Si dà via alla terza stagione del Mythos Opera Festival

Attilio Colonnello, Giovanna Casolla, Marco Boemi i nomi della terza stagione operistica.

Traviata Taormina

Sarà straordinaria e ricca di novità la terza stagione del Mythos  Opera Festival, attesa rassegna operistica in programma tra il 16 luglio e l’1 settembre in alcune tra le più suggestive location  siciliane. Quest’anno la direzione artistica è affidata a Nino Strano  che , smesse le vesti di politico, ha ripreso la propria attività nel  campo delle arti iniziata, tra gli altri, con personalità come Attilio  Colonnello, Beppe de Tommaso, Arnoldo Foà, Mauro Bolognini e  Franco Zeffirelli. E proprio al maestro Zeffirelli, recentemente  scomparso, è dedicata questa edizione del Mythos. “Una dedica ad  un genio della bellezza, dell’arte, della signorilità – dichiara Nino  Strano – Il suo genio ha contraddistinto il suo lavoro nel cinema e  nel teatro. Franco Zeffirelli ha scritto pagine indelebili con opere  meravigliose, fino all’ultima Traviata, andata in scena poche sere fa all’Arena di Verona. Ho così consigliato al direttore di produzione – spiega il direttore artistico – di dedicare a lui questa edizione del  Mythos, che tra l’altro riprende anche nel nome il Circuito del  Mito, che inventò proprio Franco Zeffirelli quando fui assessore  regionale al Turismo. Ho avuto l’onore di frequentarlo, conoscerlo,  collaborare con lui. E sono certo che lì, tra gli angeli, ci guarda e ci sorride”.
Si inizierà il 16 luglio con un’emozionante Cavalleria Rusticana, opera in un unico atto di Pietro Mascagni, nella suggestiva  Scalinata Santa Maria del Monte di Caltagirone, dichiarata patrimonio dell’Umanità. Il 22 luglio andrà in scena, nella magica  atmosfera del Teatro Antico di Taormina, La Traviata, opera in  tre atti di Giuseppe Verdi. A curare le due regie sarà Nino  Strano, con la co-regia di René Fiorentini. Nel centenario della sua  scomparsa, il Mythos Opera Festival dedica, inoltre, due serate al  grande compositore Ruggero Leoncavallo, mettendo in scena, il 29 luglio al Teatro Antico di Taormina, il collaudato dittico verista Cavalleria Rusticana e Pagliacci, su musiche, rispettivamente, di Pietro  Mascagni e Ruggero Leoncavallo. A dirigere l’Orchestra  Filarmonica della Sicilia, come in Cavalleria Rusticana a  Caltagirone, il maestro Francesco Di Mauro. Grande attesa  anche per Aida, in programma il 12 agosto al Teatro Antico di ​ Taormina. A  firmare la regia sarà il maestro Attilio Colonnello , pittore,  scenografo e regista, tra le più grandi personalità artistiche  internazionali.
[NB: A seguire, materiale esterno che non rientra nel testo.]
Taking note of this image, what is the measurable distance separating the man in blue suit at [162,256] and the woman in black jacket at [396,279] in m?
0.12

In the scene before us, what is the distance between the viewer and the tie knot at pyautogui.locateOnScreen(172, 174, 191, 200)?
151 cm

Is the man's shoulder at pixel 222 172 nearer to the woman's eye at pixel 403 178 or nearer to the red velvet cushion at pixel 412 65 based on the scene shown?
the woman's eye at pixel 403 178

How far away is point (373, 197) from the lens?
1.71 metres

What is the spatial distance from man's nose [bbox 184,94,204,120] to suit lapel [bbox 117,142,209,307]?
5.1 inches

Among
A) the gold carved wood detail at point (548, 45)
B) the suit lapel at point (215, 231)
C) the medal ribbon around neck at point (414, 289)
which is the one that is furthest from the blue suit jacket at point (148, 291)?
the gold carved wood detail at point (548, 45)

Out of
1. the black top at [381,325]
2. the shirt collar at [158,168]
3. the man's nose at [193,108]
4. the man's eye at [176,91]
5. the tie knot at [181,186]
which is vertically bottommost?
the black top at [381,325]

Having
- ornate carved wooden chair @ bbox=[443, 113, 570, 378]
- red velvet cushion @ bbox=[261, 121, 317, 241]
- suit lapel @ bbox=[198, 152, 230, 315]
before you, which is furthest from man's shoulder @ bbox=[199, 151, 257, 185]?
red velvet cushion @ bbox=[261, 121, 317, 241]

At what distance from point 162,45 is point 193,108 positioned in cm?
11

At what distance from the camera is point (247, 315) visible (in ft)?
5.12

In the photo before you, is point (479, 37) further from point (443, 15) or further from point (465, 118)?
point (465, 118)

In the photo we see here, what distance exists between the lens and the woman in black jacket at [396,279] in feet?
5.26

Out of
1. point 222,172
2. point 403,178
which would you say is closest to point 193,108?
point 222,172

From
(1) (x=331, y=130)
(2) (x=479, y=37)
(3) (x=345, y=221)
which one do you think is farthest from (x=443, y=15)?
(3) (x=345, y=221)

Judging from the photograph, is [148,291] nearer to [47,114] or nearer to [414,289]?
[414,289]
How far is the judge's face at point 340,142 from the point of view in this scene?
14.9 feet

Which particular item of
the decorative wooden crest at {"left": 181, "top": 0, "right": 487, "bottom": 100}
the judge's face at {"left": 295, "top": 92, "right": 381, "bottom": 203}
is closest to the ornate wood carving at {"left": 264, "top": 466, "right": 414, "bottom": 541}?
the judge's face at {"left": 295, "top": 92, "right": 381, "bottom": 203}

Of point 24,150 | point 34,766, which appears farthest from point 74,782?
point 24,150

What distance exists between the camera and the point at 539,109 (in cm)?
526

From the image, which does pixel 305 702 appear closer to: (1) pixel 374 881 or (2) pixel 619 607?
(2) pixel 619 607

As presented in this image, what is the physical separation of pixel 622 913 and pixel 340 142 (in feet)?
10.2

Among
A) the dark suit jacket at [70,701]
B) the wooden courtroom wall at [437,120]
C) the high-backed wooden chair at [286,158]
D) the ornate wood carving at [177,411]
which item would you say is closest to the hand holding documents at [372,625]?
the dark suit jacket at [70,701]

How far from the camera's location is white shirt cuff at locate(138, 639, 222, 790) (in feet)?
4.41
Un nome di grande prestigio che impreziosisce  questa terza edizione del Mythos. L’opera in quattro atti di Verdi  vedrà anche l’illustre presenza di Giovanna Casolla, nel ruolo di  Amneris, tra i più apprezzati soprani sulla scena internazionale, e  di Marco Boemi , tra i più illustri direttori d’orchestra, che nella  sua lunga carriera ha diretto, tra gli altri, Luciano Pavarotti,  Daniela Dessì, Giuseppe Sabbatini e Cecilia Gasdia.
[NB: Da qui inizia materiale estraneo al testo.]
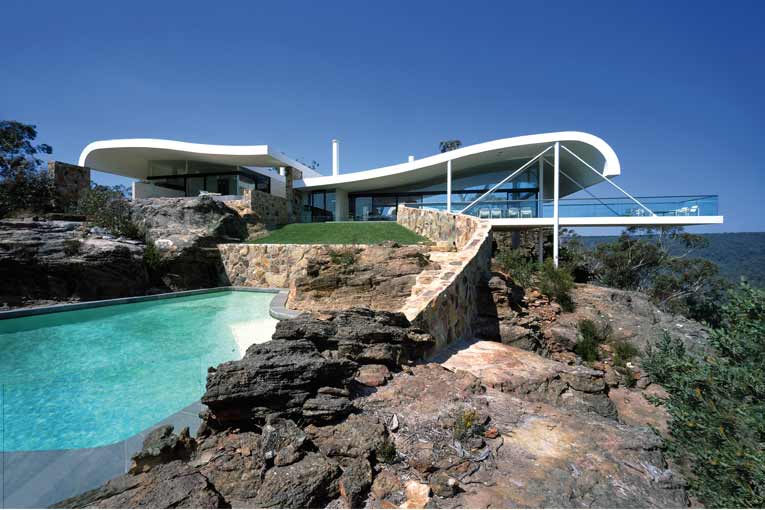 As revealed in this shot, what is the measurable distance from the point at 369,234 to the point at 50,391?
44.2 ft

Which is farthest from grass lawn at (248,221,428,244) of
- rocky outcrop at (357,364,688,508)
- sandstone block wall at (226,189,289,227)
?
rocky outcrop at (357,364,688,508)

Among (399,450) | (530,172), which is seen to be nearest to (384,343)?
(399,450)

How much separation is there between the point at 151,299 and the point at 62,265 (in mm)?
2945

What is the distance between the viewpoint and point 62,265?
38.7 ft

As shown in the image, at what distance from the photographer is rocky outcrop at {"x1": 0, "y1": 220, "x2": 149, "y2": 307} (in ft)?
36.8

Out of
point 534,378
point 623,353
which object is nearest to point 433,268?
point 534,378

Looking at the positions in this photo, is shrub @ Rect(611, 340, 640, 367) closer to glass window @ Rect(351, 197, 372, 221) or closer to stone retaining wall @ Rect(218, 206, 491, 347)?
stone retaining wall @ Rect(218, 206, 491, 347)

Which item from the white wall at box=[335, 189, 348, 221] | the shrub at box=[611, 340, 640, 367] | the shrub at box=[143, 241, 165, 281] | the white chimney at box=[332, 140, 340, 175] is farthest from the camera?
the white chimney at box=[332, 140, 340, 175]

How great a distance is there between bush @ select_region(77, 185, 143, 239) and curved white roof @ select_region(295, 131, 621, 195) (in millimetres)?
10622

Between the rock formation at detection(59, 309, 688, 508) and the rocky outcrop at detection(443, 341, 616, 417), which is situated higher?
the rock formation at detection(59, 309, 688, 508)

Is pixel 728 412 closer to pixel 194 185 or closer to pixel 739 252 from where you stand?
pixel 194 185

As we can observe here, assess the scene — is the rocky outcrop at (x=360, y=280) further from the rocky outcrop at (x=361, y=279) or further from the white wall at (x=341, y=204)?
the white wall at (x=341, y=204)

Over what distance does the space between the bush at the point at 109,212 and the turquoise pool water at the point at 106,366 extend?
5644 mm

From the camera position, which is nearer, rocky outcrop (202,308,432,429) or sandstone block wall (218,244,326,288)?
rocky outcrop (202,308,432,429) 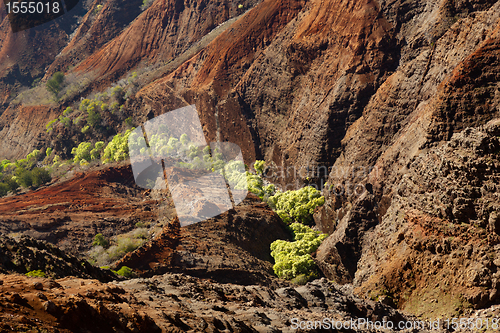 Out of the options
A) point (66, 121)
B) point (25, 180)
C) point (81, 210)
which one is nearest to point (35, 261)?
point (81, 210)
“Si parte il 16 luglio con la Cavalleria Rusticana a Caltagirone –  commenta Nino Strano – Sono orgoglioso dell’idea, tra l’altro  apprezzata dall’ottimo sindaco, l’avvocato Gino Ioppolo, di metterla in scena nella Scalinata monumentale, patrimonio dell’umanità. Ci  sarà un cast di ottimo livello. Mio collaboratore sarà il maestro  René Fiorentini, che ha lavorato, tra gli altri, con Mauro Bolognini  e Attilio Colonnello. Poi continueremo a Taormina. Aver avuto tre  date al Teatro Antico testimonia la nostra serietà e credibilità  perché il Parco archeologico di Naxos e il Comune di Taormina,  retto dall’ottimo sindaco, il professore Mauro Bolognari, la  concedono con tanta parsimonia. Noi saremo a Taormina con La  Traviata, di cui sarò regista, con Cavalleria Rusticana e Pagliacci e  con Aida, con le scene e la regia di Attilio Colonnello, un grande  nome del teatro ricordato da tutti. E poi saremo al Teatro di  Verdura di Palermo. Anche lì – conclude il direttore artistico –  siamo onorati che il Comune di Palermo abbia concesso a noi le  date nelle quali riproporremo le tre opere”.